AWWWWWWW! They look great!


----------



## ama0722 (Nov 28, 2006)

She looks like she has settled in very well and even found a favorite spot in the backyard!

Amanda


----------



## Lina (Apr 26, 2007)

She is beautiful! That's wonderful that she's settling in so well.


----------



## mintchip (Apr 19, 2007)

Lina said:


> She is beautiful! That's wonderful that she's settling in so well.


I agree!:whoo:


----------



## Kathy (Nov 9, 2006)

Oh Susan, I am so happy for you and Steve and Rumor's too. I love, love, love this story.


----------



## Julie (Feb 8, 2007)

She is so pretty laying in the shade! Looks like she is adjusting well. Congrats!


----------



## Tritia (Nov 17, 2007)

Can't wait to see even more pics.

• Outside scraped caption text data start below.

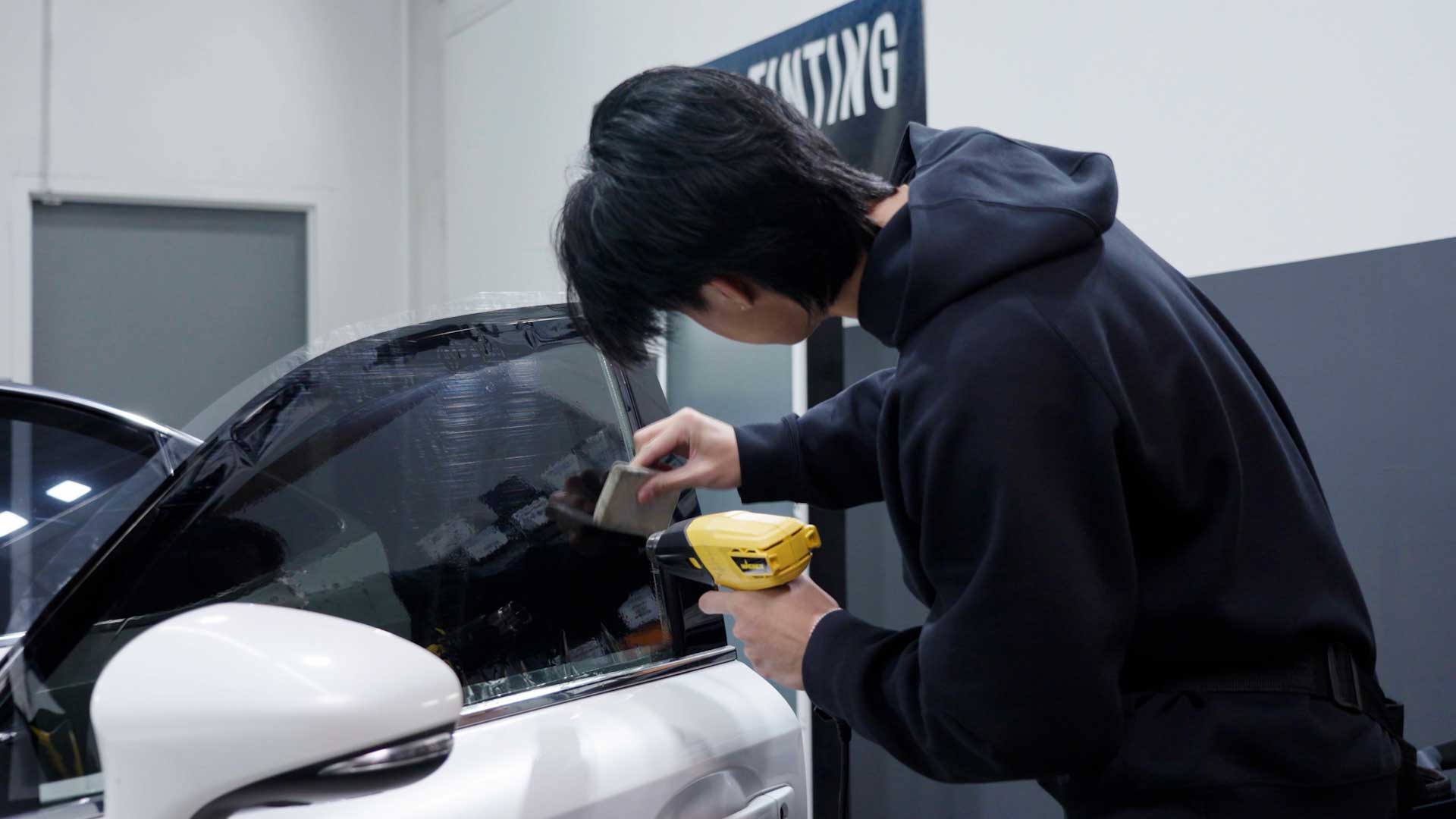 Professional Automotive Glass Tint in Clemmons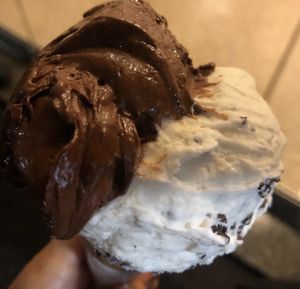 Stracciatella- dark chocolate   at Gelato Giusto in Milan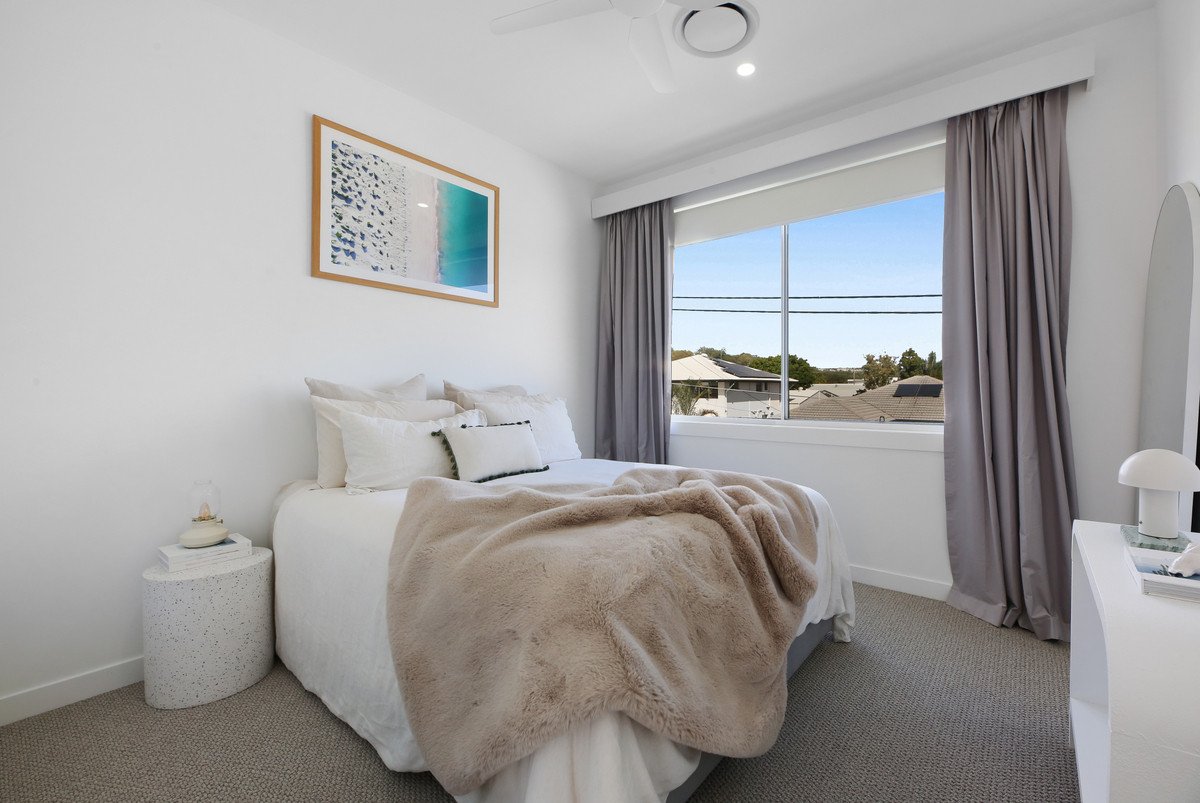 50 Bluejay Street BURLEIGH WATERS 17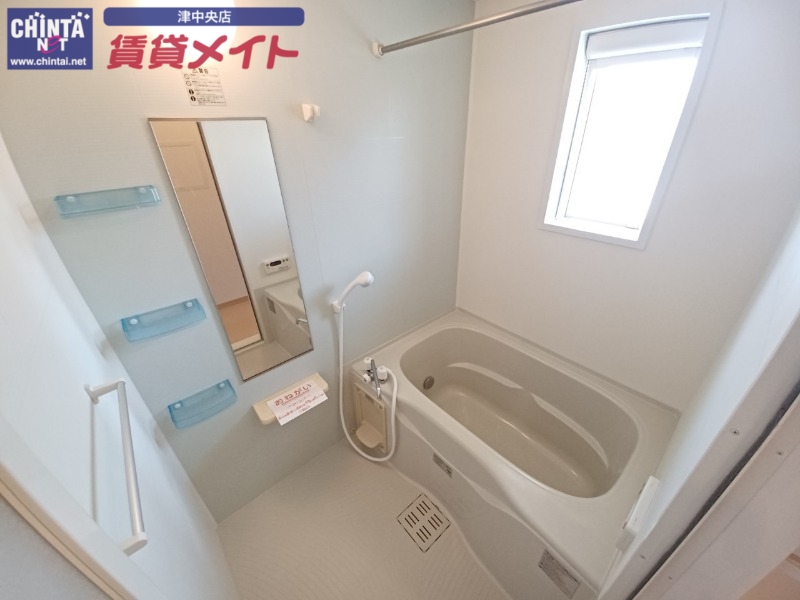バス・シャワールーム　同タイプの部屋写真です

She's beautiful!


----------



## Posh's Mom (Dec 20, 2007)

Rumor is gorgeous, and unlike my mom's rescue "purebred" sheltie, she looks like a sheltie  Don't tell Mom I said that!


----------



## juliav (Nov 21, 2006)

Congratulations Susan,

Rumor is beautiful, how old is she?


----------



## MaddiesMom (Apr 1, 2007)

Rumor is gorgeous....what a sweet face. Congratulations again!


----------



## marjrc (Jan 13, 2007)

What a beautiful dog! It's great that the 3 are getting along. I imagine things must be quite a bit busier in your household, but I'll bet you wouldn't change a thing.


----------



## Sissygirl (Aug 8, 2007)

Susan,

Rumor is beautiful! Congratulations!!


----------



## Leslie (Feb 28, 2007)

Susan~ Rumor is beautiful! Her looks remind me so much of my Casey. So glad to read they're getting along so well.


----------



## JanB (Oct 26, 2007)

Susan, congratulations! I love Shelties and we seriously considered adding another after ours died last October at age 15. But we were afraid we'd compare too much. She was perfect 

Rumor is so pretty and I am so happy to hear she's doing so well. You have a big heart and she is a lucky girl to have you as her new Mom!


----------



## Jill in Mich (Feb 24, 2008)

Just catching up....Rumor is absolutely beautiful. Any more pictures?


----------